When can you NOT deepcopy a model?

The answer to the question Can I deepcopy a model? doesn’t describe when or why this process sometimes fails.

I have two different nn.Module objects, Encoder and Decoder (the code for these is very long so I’ll save that for the moment). To me they look very similar, but only the first can be deepcopy-ied.

encoder = Encoder(args1)
decoder = Decoder(args2)

The former I can do new_enc = copy.deepcopy(encoder) no problem. If I try to deepcopy the decoder, I get the error

    raise RuntimeError("Only Tensors created explicitly by the user "
RuntimeError: Only Tensors created explicitly by the user (graph leaves) support the deepcopy protocol at the moment

Both modules have inits, they init the super, and they have a forward method. So… how might figure out what’s wrong with the second one? (I don’t think I did anything ‘fancy’ with the Decoder!)

Thanks.

The error is raised if you try to deepcopy non-leaf tensors as seen here:

x = torch.randn(1)
print(x.is_leaf)
# True
copy.deepcopy(x) # works

y = x + 1
print(y.is_leaf)
# True
copy.deepcopy(y) # works

x = torch.nn.Parameter(torch.randn(1))
print(x.is_leaf)
# True
copy.deepcopy(x) # works

y = x + 1
print(y.is_leaf)
# False
copy.deepcopy(y) # fails
# RuntimeError: Only Tensors created explicitly by the user (graph leaves) support the deepcopy protocol at the moment

Could this be the case in the Decoder, i.e. are you creating new tensors from leaf tensors in its __init__?

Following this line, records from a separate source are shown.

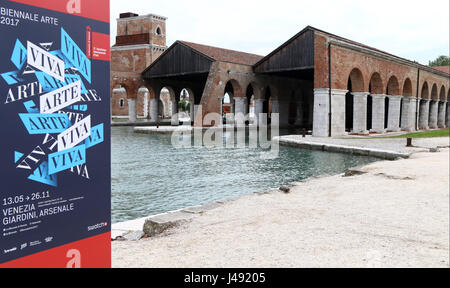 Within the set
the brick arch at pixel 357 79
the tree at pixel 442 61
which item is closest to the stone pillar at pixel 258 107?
the brick arch at pixel 357 79

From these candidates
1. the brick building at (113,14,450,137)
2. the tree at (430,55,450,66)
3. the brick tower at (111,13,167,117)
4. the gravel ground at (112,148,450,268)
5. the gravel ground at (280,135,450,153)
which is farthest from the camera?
the tree at (430,55,450,66)

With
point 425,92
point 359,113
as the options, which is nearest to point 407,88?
point 425,92

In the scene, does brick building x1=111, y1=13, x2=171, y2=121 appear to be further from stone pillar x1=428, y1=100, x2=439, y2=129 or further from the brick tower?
stone pillar x1=428, y1=100, x2=439, y2=129

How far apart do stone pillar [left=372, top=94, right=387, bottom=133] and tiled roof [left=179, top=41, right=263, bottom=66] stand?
35.1 feet

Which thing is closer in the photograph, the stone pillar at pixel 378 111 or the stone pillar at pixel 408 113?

Thanks Piotr! That explanation makes sense. And yet the answer is… maybe…but I don’t see how? There are some non-tensor scalar variables being assigned based on other non-tensors, and there are lists of network modules that are being appended to, but I’m not aware of any tensor being changed in the __init__ to make it a non-leaf tensor. But it’s modules-within-modules. I guess i could try deepcopy on each of those and see if the error appears.

I guess I can also post the code: The decoder is the Generator from RAVE, which looks like this…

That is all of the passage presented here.